If you’re a nation, and a bully hits you, I think you should lay him out flat, suddenly, and with everything it takes to forever prevent the next punch.  I know America doesn’t start wars, but when America gets sucked in by some tinpot dictator with a bad haircut and a pet word for God, (P. J. O’Rourke’s words, not mine), I cannot comprehend why we tiptoe around with so-called diplomacy and feed our soldiers to their bullying.  If the bully punches first, I think he ought not have time to draw another breath before he gets knocked out cold instantly.  The United States has had the ability to do that ever since the end of World War II.

If we’ve blundered into a treaty to protect some little foreign country, then we need to do the same, because the bully which is North Korea is still there, and still just as evil 65 years after Woody was killed.  And we still have troops on the ground there.  What the hell is that all about?  What will we do when the North resumes where it left off in 1953: negotiate or annihilate?

Our reason for going into Korea in 1950 was all about making the so-called United Nations look important and had nothing to do with protecting the United States.

Therefore, because we’re still playing war games in Asia, we have announced to the rest of the world that the United States is willing to march another 100,000 enthusiastic young American lemmings over the same precipice over the next, say, 65 years, so that diplomats can continue pretending to work for peace.  In the words of Lewis Forester, “while Congress is patting each other on the back and referring to themselves as the honorable Mr.
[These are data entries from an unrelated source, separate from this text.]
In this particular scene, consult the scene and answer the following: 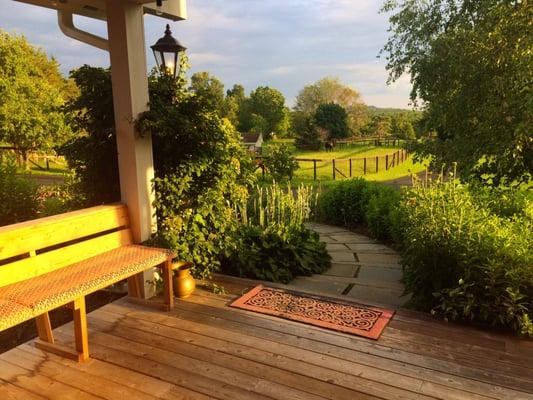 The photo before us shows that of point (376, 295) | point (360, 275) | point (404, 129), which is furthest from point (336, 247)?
point (404, 129)

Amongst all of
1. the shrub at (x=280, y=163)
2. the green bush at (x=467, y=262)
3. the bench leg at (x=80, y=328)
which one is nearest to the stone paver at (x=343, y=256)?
the green bush at (x=467, y=262)

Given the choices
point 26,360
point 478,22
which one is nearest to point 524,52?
point 478,22

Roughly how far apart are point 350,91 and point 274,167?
39.8 metres

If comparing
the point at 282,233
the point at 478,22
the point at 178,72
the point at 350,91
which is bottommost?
the point at 282,233

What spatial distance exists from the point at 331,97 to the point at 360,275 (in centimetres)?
4474

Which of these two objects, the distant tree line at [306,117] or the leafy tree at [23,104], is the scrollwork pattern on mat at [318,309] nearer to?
the leafy tree at [23,104]

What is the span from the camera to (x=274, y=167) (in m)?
9.78

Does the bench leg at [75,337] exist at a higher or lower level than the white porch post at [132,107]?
lower

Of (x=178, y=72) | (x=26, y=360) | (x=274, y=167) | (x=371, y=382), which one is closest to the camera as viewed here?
(x=371, y=382)

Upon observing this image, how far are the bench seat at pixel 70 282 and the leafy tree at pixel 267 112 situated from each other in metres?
32.6

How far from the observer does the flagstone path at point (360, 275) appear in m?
3.46

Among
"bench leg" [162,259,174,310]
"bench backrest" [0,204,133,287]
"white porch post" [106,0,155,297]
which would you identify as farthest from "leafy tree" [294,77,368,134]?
"bench leg" [162,259,174,310]

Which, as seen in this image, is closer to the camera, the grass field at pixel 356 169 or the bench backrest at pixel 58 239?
the bench backrest at pixel 58 239

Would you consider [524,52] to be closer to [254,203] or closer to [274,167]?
[254,203] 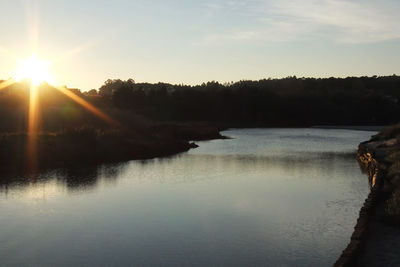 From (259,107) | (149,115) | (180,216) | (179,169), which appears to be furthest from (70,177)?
(259,107)

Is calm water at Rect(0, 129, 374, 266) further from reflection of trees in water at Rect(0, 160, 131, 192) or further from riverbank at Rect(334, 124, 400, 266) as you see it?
riverbank at Rect(334, 124, 400, 266)

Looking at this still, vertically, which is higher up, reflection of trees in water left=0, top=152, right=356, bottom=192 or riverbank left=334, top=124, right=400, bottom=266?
riverbank left=334, top=124, right=400, bottom=266

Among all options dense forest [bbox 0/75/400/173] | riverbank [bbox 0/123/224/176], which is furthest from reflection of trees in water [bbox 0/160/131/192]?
dense forest [bbox 0/75/400/173]

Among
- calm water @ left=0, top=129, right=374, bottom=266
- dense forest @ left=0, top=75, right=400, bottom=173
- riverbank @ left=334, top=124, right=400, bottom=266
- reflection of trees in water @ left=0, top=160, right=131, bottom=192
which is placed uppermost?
dense forest @ left=0, top=75, right=400, bottom=173

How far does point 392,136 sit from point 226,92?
275 feet

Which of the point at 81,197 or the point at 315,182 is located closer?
the point at 81,197

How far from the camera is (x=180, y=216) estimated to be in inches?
854

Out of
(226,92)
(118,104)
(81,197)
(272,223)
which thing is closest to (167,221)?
(272,223)

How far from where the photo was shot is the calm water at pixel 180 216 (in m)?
16.1

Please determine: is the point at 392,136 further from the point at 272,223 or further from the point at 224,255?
the point at 224,255

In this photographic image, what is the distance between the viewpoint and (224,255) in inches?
633

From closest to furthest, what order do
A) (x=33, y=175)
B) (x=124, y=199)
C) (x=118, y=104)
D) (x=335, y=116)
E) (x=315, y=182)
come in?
1. (x=124, y=199)
2. (x=315, y=182)
3. (x=33, y=175)
4. (x=118, y=104)
5. (x=335, y=116)

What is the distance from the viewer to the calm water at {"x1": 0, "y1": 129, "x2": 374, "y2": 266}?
52.7ft

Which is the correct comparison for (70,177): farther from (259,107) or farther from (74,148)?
(259,107) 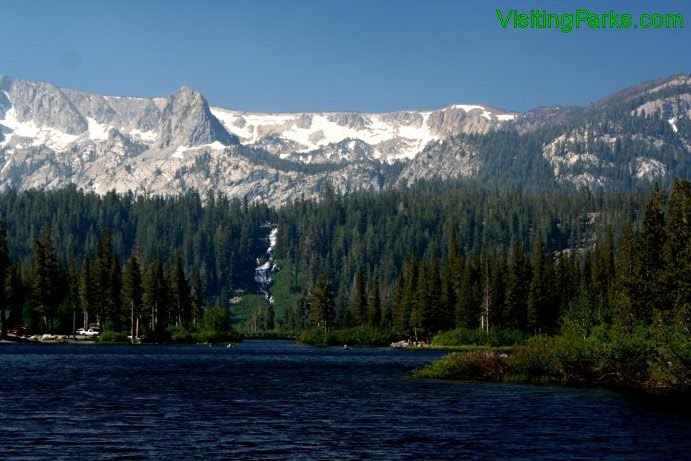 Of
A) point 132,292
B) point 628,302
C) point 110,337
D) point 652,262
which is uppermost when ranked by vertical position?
point 652,262

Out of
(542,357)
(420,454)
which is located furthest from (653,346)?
(420,454)

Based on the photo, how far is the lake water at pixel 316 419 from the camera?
46.8 m

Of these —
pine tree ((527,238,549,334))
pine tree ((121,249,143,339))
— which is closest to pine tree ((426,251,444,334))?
pine tree ((527,238,549,334))

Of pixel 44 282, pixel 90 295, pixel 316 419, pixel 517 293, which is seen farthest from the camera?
pixel 90 295

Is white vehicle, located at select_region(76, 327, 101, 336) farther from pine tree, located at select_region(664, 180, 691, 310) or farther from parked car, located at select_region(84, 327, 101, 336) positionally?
pine tree, located at select_region(664, 180, 691, 310)

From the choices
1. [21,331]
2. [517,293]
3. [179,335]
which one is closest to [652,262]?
[517,293]

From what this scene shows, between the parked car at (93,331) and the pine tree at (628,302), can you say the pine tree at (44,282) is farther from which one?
the pine tree at (628,302)

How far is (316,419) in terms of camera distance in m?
58.1

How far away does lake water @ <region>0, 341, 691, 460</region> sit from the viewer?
154ft

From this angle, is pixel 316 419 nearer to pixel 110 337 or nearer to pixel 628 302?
pixel 628 302

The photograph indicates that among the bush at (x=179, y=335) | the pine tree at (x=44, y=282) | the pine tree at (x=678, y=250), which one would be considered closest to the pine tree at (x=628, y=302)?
the pine tree at (x=678, y=250)

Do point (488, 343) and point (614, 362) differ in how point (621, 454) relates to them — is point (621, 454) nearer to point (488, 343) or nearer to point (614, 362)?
point (614, 362)

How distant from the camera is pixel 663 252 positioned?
9688 centimetres

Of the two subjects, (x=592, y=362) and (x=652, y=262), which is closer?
(x=592, y=362) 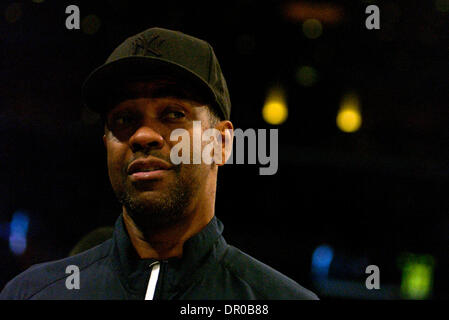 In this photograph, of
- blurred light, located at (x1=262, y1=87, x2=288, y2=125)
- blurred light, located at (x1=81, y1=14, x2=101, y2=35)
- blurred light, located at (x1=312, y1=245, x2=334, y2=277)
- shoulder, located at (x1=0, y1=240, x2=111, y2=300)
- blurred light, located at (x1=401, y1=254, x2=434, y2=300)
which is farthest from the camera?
blurred light, located at (x1=401, y1=254, x2=434, y2=300)

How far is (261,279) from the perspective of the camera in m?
1.22

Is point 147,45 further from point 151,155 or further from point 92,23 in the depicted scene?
point 92,23

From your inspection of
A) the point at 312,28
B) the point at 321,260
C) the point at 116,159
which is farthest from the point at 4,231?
the point at 312,28

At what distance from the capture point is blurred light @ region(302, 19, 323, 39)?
1.69m

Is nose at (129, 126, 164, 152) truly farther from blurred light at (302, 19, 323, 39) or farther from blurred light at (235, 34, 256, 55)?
blurred light at (302, 19, 323, 39)

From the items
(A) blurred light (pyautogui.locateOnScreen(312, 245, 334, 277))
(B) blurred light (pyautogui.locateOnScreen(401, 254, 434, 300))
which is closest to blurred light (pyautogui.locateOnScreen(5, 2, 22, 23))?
(A) blurred light (pyautogui.locateOnScreen(312, 245, 334, 277))

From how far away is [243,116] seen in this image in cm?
168

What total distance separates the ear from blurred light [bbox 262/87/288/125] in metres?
0.41

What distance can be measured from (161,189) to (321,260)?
1.02m

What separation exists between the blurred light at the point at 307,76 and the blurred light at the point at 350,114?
0.15 meters

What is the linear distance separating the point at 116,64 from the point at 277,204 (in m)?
0.93

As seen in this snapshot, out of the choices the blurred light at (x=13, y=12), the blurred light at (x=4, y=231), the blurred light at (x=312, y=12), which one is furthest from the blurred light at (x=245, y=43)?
the blurred light at (x=4, y=231) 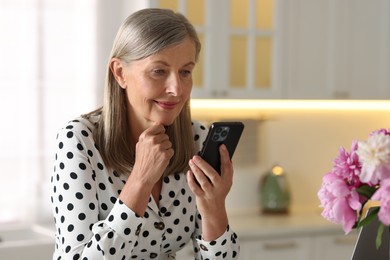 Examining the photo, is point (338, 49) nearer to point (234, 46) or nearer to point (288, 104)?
point (288, 104)

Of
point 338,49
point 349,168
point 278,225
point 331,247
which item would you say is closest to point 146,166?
point 349,168

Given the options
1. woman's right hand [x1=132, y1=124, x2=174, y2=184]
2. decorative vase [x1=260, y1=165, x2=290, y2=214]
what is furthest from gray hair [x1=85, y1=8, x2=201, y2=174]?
decorative vase [x1=260, y1=165, x2=290, y2=214]

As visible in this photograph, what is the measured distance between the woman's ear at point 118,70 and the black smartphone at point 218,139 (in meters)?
0.32

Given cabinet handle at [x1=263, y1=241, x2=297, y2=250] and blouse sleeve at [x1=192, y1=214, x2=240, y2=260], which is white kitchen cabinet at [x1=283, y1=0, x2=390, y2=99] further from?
blouse sleeve at [x1=192, y1=214, x2=240, y2=260]

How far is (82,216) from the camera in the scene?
1981mm

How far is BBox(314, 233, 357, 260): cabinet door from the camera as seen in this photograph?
13.5 feet

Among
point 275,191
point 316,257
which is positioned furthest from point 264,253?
point 275,191

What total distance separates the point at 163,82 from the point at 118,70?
17cm

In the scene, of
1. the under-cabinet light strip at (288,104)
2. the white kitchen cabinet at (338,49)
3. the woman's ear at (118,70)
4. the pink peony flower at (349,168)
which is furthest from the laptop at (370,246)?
the white kitchen cabinet at (338,49)

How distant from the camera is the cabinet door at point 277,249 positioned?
3865mm

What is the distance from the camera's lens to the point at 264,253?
3.92 m

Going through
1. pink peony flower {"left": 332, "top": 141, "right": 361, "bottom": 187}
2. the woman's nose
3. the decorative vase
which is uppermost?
the woman's nose

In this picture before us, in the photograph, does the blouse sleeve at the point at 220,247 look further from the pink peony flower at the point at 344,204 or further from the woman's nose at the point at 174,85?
the pink peony flower at the point at 344,204

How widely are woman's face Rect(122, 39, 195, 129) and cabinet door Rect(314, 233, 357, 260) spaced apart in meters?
2.25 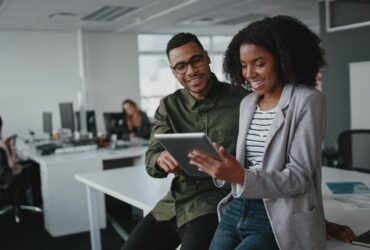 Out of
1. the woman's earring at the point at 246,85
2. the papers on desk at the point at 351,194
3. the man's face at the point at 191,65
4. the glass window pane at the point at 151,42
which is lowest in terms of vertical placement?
the papers on desk at the point at 351,194

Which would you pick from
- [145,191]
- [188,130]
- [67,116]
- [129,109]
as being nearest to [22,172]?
[67,116]

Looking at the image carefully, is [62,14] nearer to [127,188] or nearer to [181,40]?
[127,188]

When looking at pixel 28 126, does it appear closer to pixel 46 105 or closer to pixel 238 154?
pixel 46 105

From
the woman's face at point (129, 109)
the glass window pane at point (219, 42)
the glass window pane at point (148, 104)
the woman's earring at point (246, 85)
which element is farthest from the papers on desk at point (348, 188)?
the glass window pane at point (219, 42)

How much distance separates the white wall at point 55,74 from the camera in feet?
25.0

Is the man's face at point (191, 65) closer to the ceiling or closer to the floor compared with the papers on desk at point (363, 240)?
closer to the ceiling

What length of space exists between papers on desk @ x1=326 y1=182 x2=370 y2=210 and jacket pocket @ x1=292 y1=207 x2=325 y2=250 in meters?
0.65

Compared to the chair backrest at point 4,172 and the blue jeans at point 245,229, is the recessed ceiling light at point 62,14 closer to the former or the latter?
the chair backrest at point 4,172

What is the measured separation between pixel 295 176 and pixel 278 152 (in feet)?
0.33

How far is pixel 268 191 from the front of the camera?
4.37 feet

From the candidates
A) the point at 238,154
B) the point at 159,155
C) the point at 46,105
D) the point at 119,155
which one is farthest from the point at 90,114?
the point at 238,154

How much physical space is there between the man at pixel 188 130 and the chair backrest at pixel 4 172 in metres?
3.04

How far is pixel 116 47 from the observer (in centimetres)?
871

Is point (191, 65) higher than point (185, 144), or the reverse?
point (191, 65) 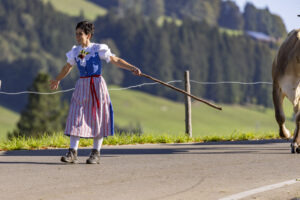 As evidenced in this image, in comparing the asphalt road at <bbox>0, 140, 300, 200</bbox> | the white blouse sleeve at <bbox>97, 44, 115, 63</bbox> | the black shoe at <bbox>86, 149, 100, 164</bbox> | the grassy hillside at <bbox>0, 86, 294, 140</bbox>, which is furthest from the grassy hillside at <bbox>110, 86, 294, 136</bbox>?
the white blouse sleeve at <bbox>97, 44, 115, 63</bbox>

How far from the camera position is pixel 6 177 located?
6926mm

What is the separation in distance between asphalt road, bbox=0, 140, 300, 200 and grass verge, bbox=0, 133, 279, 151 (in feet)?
2.81

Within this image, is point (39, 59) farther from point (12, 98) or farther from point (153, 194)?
point (153, 194)

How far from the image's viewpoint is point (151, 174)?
7.07 metres

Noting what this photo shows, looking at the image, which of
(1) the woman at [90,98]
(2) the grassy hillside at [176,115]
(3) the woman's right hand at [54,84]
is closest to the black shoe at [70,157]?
(1) the woman at [90,98]

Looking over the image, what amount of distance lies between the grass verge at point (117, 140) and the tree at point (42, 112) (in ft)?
296

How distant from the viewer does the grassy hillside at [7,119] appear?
532 feet

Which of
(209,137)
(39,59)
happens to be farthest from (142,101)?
(209,137)

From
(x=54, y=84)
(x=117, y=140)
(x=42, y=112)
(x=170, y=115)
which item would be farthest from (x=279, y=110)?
(x=170, y=115)

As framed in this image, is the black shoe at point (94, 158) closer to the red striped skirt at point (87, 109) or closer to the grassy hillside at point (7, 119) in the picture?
the red striped skirt at point (87, 109)

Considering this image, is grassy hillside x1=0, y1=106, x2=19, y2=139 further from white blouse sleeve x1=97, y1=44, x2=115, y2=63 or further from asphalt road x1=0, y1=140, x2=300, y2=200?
white blouse sleeve x1=97, y1=44, x2=115, y2=63

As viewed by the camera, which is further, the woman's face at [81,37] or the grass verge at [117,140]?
the grass verge at [117,140]

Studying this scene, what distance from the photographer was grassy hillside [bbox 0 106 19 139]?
162 meters

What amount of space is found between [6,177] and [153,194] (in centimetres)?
197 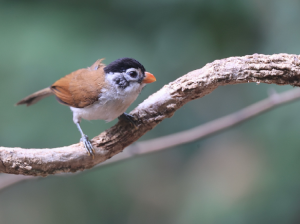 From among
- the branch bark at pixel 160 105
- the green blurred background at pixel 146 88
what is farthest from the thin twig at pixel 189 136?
the branch bark at pixel 160 105

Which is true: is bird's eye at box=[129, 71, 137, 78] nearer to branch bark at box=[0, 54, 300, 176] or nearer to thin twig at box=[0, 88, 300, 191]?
branch bark at box=[0, 54, 300, 176]

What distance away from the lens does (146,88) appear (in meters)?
3.62

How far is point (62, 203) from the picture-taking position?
3.76m

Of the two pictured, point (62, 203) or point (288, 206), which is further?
point (62, 203)

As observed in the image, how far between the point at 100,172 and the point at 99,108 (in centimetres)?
200

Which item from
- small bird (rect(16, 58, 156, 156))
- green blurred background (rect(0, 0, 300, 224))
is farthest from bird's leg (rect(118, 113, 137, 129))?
green blurred background (rect(0, 0, 300, 224))

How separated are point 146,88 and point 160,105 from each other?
176 centimetres

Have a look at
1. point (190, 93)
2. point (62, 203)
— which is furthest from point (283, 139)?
point (62, 203)

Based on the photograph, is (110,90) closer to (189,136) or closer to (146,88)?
(146,88)

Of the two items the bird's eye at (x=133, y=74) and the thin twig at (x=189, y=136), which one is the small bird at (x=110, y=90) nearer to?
the bird's eye at (x=133, y=74)

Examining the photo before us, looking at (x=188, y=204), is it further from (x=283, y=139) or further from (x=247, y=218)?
(x=283, y=139)

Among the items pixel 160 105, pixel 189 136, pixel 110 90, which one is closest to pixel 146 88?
pixel 189 136

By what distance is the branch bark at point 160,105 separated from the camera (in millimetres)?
1666

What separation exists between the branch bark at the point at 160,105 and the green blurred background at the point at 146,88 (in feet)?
5.59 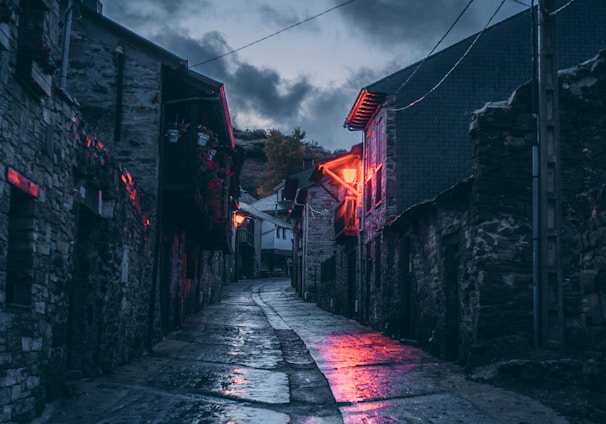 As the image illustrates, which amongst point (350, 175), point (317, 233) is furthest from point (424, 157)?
point (317, 233)

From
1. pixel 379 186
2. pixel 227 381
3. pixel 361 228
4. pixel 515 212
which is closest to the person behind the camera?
pixel 227 381

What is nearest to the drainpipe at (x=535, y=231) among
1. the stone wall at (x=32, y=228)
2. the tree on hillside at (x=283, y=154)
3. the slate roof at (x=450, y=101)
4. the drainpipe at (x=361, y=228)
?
the stone wall at (x=32, y=228)

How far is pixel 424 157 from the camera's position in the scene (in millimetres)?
17703

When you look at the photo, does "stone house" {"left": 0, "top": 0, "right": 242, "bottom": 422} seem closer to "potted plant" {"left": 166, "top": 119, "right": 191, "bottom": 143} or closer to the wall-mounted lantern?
"potted plant" {"left": 166, "top": 119, "right": 191, "bottom": 143}

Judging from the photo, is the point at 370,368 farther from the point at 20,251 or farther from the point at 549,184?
the point at 20,251

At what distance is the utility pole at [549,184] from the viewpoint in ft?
30.6

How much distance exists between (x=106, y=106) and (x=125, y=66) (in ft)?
2.97

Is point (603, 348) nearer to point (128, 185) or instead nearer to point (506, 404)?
point (506, 404)

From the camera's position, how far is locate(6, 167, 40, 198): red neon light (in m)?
6.16

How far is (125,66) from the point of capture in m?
14.0

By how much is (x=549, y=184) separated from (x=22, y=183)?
6812 mm

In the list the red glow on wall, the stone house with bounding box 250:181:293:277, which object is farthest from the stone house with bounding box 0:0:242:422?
the stone house with bounding box 250:181:293:277

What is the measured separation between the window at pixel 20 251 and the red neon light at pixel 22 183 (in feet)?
0.30

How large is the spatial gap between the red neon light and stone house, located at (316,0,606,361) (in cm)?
732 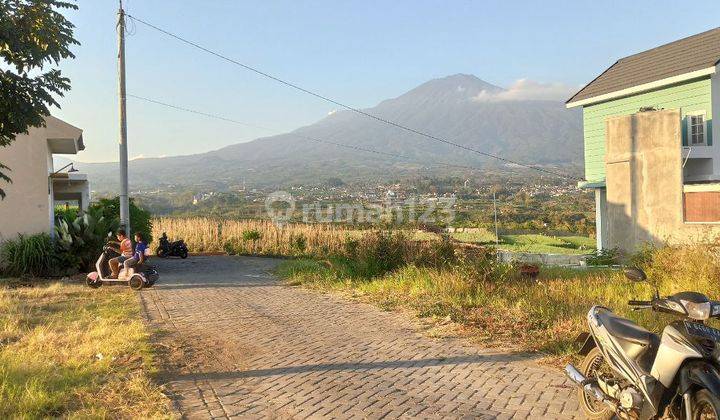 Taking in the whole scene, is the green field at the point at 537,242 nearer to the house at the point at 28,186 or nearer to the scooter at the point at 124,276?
the scooter at the point at 124,276

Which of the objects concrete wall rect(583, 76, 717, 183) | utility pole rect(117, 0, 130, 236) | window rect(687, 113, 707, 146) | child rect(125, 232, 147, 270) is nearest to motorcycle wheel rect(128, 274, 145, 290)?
child rect(125, 232, 147, 270)

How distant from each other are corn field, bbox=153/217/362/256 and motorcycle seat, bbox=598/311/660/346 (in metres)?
17.3

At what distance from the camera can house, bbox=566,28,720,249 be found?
13.9 m

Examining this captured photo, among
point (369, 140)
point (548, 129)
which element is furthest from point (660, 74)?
point (548, 129)

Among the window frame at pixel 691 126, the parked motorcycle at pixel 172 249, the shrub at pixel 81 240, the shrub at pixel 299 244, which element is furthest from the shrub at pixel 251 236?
the window frame at pixel 691 126

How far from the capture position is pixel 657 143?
1456 cm

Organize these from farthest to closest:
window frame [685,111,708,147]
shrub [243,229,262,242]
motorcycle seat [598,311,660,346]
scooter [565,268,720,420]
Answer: shrub [243,229,262,242]
window frame [685,111,708,147]
motorcycle seat [598,311,660,346]
scooter [565,268,720,420]

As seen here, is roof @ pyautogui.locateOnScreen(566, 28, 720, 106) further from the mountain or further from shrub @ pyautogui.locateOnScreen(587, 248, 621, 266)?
the mountain

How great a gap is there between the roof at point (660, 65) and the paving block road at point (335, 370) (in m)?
13.6

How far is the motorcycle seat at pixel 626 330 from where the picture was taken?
13.4 ft

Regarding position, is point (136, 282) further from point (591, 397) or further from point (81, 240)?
point (591, 397)

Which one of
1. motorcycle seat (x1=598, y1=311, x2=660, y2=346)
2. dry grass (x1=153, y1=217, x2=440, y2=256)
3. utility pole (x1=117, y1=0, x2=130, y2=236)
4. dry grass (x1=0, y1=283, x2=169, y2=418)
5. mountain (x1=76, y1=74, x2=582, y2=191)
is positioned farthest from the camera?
mountain (x1=76, y1=74, x2=582, y2=191)

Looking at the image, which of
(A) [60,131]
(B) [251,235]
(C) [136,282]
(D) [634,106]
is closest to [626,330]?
(C) [136,282]

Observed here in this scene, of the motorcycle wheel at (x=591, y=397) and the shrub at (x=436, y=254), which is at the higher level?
the shrub at (x=436, y=254) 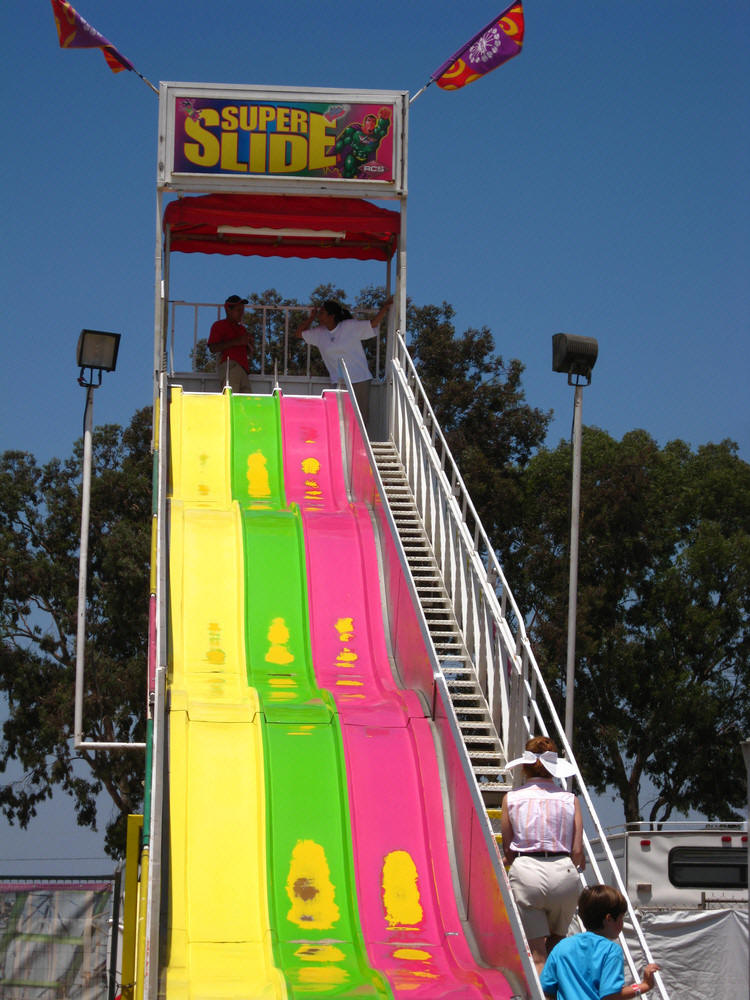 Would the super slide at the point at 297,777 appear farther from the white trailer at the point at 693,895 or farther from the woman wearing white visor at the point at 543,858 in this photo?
the white trailer at the point at 693,895

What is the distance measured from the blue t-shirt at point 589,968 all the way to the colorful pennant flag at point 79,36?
13707 mm

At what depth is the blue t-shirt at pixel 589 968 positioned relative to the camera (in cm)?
653

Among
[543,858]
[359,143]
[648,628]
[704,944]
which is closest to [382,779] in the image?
[543,858]

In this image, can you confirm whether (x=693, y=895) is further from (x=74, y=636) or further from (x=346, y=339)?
(x=74, y=636)

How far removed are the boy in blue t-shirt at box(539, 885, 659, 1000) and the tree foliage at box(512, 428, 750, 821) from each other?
2278 centimetres

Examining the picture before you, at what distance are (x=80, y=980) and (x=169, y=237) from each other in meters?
9.18

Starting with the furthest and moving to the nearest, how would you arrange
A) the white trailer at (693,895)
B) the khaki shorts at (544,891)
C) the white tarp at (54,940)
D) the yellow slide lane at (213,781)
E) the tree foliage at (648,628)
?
the tree foliage at (648,628) < the white tarp at (54,940) < the white trailer at (693,895) < the yellow slide lane at (213,781) < the khaki shorts at (544,891)

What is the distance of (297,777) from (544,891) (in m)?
2.59

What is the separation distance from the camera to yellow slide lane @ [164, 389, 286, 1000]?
8.95m

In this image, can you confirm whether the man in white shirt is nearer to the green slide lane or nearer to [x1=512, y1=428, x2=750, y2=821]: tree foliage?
the green slide lane

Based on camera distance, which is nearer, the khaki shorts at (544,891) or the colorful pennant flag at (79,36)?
the khaki shorts at (544,891)

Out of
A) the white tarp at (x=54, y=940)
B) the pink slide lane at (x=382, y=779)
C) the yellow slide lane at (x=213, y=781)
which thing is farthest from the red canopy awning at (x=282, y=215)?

So-and-So, men still die.”  These are the politicians in pressed suits whose motives need to be questioned, who argue that civilian casualties of a decisive response would be too high, who believe it is fitting and proper to kill 100,000 more Americans in the name of peace during one more lifespan.

Here’s a radical thought: Armies are comprised of civilians.  Read up on Article I, Section 8, Clause 12 in the Constitution.  The last time Congress declared war on an enemy was World War II.  Drafting civilians, especially in the absence of a declared war, does not make them professional soldiers.  It makes them frightened civilians who want to go home.  The uniform that Woody was wearing did not make him a sinister threat to world peace.  It made him dead.

Instead of crushing the bully before he knows what hit him back, we put troubled kids from backwoods places like Livermore Falls, Maine, on the ground in places like Inchon and Pleiku and we tell them that, if they just hold the ground for a few more days or weeks, our diplomats will have this all solved and they can go home to the mom and baby they left behind.  This is what makes me mad.

When I visited his grave on that recent trip through Vermont, there were fresh flowers lying at the base of Woody’s headstone.  His widow, Dottie, then alone and in her seventies, still lived in Vermont.  She might have known about the flowers.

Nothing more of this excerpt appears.